Trueman’s True Men And Women [47]

Broughton Or Bust

By Kevin Melville

Chapter One

It’s just a simple trip, surely!

There is evidence of early Aboriginal use of Broughton Island. Their trips to the island would have been in canoes made from the bark stripped from the Stringybark tree (E obliqua). The ends of each canoe were formed with plugs of clay and, when the canoes were in use, a fire always burned on a bed of clay at the back. Paddles made of seasoned hardwood were shaped like a large spoon and these paddles were used in a kneeling position from the middle of the 4.5 metre canoe.

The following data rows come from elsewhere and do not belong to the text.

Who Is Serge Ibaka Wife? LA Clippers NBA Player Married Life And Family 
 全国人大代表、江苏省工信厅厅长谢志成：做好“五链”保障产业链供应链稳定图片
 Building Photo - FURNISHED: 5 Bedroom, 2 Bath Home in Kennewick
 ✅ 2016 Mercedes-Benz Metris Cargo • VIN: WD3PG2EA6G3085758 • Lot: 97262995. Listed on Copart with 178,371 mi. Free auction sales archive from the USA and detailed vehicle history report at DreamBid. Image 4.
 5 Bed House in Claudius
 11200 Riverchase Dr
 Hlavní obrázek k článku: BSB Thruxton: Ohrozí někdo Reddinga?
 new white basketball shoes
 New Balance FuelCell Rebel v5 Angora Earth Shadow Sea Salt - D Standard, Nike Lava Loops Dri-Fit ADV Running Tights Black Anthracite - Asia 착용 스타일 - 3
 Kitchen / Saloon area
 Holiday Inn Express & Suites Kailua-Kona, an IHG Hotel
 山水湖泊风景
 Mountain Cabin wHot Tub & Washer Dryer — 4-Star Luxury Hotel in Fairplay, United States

So you would think that the journey today in eleven kayaks equipped with all the kit required nowadays for a grade three trip would be relatively simple. However…

Chapter Two

Friday night, on the road to Port Stephens

Port Stephens should not be a difficult place to find. After all, Captain WR Broughton (after whom Broughton Island was named) was, in 1795, driven to it by bad weather. So, getting there from Sydney should be quite simple: turn right somewhere after Newcastle. It turns out, though, that there isn’t a sign saying ‘Port Stephens’ and, on this trip, the Port appeared only after considerable wandering, a couple of U-turns and even an inquiry for directions – the ultimate failure for real men! So, first timers, don’t forget the road map.

Chapter Three

Saturday morning, Port Stephens

The first fleet landed in 1788 with its cargo of assorted thieves and associated minders. Attraction to the goods of others remains alive and well in Port Stephens today. Tony Niederberger and Stuart Trueman went to sleep on Friday night with their kayaks lashed firmly to roof racks. On Saturday morning, Tony found that his tie-down straps were missing but the immaculate Nadgee had not been taken; a cable lock between his roof rack and the Nadgee had deterred the thief. Stuart’s tie-down straps had been loosened and the Greenlander shifted but it remained on the roof racks. Betting has it that the Greenlander was too heavy to lift off.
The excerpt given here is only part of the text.